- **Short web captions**
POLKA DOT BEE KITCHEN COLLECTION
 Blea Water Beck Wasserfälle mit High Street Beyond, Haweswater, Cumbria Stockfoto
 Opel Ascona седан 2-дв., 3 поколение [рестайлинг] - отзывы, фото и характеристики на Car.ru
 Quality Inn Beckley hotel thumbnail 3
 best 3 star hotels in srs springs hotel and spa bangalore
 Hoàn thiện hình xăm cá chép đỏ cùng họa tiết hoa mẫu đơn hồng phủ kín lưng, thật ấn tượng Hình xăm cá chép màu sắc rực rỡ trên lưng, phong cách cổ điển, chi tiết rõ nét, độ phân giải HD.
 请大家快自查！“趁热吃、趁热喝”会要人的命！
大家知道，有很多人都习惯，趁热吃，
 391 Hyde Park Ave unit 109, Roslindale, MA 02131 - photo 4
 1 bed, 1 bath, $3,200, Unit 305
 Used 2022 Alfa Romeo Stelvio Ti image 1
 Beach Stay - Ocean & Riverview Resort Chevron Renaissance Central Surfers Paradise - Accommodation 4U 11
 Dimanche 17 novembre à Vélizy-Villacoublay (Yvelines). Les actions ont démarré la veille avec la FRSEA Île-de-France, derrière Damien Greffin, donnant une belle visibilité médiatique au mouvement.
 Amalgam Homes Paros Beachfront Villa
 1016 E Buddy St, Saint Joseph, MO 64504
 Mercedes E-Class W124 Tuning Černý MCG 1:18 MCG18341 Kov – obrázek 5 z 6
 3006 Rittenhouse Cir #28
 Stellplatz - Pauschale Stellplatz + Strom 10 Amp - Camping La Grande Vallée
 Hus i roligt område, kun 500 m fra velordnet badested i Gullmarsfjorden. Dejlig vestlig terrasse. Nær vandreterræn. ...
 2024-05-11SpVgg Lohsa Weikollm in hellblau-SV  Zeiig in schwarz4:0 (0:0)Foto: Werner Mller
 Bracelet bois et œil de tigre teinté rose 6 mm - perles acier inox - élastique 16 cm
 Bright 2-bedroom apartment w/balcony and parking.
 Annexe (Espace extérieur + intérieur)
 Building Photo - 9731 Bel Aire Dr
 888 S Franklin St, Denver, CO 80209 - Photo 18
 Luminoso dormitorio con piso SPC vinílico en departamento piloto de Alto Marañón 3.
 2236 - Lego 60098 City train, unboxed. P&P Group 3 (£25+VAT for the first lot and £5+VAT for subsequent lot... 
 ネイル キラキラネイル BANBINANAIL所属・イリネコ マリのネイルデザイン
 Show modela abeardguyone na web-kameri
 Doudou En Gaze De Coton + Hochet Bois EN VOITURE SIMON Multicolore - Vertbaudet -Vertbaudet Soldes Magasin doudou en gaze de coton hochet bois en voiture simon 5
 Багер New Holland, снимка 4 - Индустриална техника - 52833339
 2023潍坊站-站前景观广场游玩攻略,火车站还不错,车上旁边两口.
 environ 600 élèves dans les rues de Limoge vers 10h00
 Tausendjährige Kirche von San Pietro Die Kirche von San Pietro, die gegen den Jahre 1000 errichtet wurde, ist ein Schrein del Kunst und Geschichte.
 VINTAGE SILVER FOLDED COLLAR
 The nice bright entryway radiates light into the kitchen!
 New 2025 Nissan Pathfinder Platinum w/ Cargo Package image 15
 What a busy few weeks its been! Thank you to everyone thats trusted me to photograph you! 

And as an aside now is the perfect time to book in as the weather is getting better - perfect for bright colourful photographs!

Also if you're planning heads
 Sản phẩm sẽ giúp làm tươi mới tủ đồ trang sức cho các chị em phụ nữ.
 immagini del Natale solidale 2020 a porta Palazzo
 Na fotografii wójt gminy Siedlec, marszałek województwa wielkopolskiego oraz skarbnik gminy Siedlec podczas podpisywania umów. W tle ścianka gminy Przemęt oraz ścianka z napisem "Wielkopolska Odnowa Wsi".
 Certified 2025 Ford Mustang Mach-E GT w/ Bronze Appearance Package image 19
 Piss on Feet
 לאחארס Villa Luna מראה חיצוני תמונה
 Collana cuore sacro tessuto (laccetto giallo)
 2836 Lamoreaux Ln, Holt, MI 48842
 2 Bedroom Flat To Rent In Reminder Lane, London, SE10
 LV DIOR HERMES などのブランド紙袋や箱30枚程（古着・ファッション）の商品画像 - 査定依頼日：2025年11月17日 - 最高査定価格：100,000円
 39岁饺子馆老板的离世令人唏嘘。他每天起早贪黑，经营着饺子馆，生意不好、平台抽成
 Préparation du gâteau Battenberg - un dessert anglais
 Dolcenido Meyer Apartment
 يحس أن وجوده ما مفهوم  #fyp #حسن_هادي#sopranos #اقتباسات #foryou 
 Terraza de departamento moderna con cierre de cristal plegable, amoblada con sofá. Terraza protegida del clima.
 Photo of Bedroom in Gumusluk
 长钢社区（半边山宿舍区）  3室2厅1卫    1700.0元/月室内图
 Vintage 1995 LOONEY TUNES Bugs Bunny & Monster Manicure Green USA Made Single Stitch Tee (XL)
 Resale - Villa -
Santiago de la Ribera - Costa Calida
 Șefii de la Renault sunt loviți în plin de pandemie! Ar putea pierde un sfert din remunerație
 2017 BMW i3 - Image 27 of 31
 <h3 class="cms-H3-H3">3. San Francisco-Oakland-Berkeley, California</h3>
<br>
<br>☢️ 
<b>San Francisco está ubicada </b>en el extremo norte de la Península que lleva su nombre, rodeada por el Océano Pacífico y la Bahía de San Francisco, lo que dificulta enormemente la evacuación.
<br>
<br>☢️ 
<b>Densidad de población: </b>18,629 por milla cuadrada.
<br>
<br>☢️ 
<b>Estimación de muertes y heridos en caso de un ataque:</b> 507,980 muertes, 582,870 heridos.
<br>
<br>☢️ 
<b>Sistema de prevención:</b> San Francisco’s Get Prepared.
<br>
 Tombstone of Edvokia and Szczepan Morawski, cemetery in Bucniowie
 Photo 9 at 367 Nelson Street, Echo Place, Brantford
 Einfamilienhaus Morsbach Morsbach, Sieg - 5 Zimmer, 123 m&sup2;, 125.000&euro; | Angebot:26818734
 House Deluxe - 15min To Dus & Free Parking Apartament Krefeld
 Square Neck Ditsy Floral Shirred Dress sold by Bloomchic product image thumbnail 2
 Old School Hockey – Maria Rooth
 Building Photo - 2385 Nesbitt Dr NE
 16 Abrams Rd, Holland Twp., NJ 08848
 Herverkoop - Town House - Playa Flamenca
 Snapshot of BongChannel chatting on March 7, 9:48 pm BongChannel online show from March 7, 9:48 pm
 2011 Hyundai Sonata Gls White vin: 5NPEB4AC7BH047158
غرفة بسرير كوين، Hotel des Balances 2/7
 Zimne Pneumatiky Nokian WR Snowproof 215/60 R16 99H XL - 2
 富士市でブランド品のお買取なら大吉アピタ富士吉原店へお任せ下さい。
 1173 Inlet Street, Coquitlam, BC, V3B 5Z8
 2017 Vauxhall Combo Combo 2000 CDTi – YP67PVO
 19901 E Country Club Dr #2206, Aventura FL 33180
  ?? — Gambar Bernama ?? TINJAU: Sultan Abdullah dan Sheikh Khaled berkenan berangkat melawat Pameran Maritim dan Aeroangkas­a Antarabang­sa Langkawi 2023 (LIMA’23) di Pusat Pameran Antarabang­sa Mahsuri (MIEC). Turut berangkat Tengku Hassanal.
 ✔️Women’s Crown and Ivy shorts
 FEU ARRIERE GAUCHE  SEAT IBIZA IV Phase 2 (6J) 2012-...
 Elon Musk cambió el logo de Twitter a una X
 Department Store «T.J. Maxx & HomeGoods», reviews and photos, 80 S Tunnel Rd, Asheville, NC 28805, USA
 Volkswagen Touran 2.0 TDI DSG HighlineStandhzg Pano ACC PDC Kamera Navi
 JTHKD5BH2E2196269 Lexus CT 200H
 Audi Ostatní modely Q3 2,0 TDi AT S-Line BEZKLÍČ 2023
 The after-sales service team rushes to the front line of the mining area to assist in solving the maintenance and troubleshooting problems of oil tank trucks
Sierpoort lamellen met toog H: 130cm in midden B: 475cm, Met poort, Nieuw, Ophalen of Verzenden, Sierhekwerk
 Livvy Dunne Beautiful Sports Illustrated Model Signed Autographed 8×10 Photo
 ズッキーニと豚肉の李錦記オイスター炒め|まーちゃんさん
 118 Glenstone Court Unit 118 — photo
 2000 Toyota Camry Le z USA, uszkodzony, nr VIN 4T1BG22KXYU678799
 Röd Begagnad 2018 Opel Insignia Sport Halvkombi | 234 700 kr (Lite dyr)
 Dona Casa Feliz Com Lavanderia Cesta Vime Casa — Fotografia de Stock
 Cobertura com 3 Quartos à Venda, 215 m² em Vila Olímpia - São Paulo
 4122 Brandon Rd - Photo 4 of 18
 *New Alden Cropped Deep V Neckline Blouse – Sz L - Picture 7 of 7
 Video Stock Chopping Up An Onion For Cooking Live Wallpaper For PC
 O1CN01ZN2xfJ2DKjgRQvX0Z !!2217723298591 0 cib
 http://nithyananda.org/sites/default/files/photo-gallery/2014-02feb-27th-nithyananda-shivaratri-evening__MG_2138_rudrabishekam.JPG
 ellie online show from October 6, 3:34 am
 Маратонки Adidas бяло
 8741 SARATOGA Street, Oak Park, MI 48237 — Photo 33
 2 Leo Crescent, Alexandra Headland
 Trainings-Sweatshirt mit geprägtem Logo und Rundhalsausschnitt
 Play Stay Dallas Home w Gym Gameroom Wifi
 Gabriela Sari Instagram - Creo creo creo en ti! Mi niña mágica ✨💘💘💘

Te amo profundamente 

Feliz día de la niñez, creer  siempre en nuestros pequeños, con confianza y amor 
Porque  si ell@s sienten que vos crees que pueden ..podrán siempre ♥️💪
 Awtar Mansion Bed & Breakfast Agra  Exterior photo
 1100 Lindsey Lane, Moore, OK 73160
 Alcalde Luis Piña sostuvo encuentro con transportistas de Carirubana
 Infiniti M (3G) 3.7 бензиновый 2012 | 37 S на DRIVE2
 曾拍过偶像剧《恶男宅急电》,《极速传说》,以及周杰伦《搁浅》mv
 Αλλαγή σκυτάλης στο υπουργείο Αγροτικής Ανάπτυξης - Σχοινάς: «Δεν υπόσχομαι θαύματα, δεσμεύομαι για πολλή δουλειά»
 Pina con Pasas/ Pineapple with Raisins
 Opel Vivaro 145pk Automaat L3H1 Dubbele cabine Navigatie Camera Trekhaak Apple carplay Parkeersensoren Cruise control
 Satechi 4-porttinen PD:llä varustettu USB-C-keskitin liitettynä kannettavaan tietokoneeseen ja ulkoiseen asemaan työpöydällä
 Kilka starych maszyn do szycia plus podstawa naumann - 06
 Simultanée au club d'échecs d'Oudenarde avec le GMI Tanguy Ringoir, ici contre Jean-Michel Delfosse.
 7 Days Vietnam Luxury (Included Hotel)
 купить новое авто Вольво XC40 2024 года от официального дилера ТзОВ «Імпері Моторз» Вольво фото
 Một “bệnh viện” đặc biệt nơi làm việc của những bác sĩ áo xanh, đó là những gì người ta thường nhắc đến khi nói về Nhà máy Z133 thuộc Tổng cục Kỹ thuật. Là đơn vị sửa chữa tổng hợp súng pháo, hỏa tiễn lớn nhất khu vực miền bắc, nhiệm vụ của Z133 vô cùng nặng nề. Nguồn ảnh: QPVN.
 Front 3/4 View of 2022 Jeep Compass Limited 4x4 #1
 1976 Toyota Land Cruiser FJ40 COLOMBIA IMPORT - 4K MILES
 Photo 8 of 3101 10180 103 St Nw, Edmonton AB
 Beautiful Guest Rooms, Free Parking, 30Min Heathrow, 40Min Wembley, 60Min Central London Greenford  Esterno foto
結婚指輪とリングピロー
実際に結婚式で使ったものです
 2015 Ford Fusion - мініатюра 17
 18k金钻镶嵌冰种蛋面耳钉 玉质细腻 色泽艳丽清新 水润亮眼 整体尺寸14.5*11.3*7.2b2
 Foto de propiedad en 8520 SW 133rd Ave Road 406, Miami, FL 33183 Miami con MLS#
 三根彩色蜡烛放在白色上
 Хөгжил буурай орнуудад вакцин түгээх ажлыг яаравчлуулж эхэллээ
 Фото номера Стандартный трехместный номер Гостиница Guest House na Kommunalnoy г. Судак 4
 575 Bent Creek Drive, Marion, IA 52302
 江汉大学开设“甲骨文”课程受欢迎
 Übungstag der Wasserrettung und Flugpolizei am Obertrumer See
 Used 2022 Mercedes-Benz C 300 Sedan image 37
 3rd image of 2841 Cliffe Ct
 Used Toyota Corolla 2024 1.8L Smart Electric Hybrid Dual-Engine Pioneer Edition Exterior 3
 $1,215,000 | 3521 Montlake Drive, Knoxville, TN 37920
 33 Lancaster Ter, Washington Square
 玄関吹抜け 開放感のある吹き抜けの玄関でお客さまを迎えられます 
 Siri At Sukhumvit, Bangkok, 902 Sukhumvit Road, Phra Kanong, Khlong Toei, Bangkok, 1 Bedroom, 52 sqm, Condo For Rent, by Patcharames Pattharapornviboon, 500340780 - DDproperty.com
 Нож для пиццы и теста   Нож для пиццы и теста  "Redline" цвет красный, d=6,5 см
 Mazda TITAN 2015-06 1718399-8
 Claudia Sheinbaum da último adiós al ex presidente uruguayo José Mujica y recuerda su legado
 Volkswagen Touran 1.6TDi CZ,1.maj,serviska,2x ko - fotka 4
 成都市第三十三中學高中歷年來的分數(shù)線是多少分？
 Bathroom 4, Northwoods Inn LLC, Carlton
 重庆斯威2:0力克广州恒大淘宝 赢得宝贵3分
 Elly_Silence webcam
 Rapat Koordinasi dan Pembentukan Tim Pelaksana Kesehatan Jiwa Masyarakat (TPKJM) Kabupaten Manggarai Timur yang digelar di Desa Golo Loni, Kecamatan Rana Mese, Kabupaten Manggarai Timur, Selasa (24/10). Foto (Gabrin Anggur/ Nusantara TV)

- **WHAT THE TASK ASKS**
An exact copy of the lines above between the line holding "Préparation du gâteau" and the line holding "Santiago de la Ribera - Costa Calida", inclusive, is the whole answer.

- **EXERCISE SOLUTION**
 Préparation du gâteau Battenberg - un dessert anglais
 Dolcenido Meyer Apartment
 يحس أن وجوده ما مفهوم  #fyp #حسن_هادي#sopranos #اقتباسات #foryou 
 Terraza de departamento moderna con cierre de cristal plegable, amoblada con sofá. Terraza protegida del clima.
 Photo of Bedroom in Gumusluk
 长钢社区（半边山宿舍区）  3室2厅1卫    1700.0元/月室内图
 Vintage 1995 LOONEY TUNES Bugs Bunny & Monster Manicure Green USA Made Single Stitch Tee (XL)
 Resale - Villa -
Santiago de la Ribera - Costa Calida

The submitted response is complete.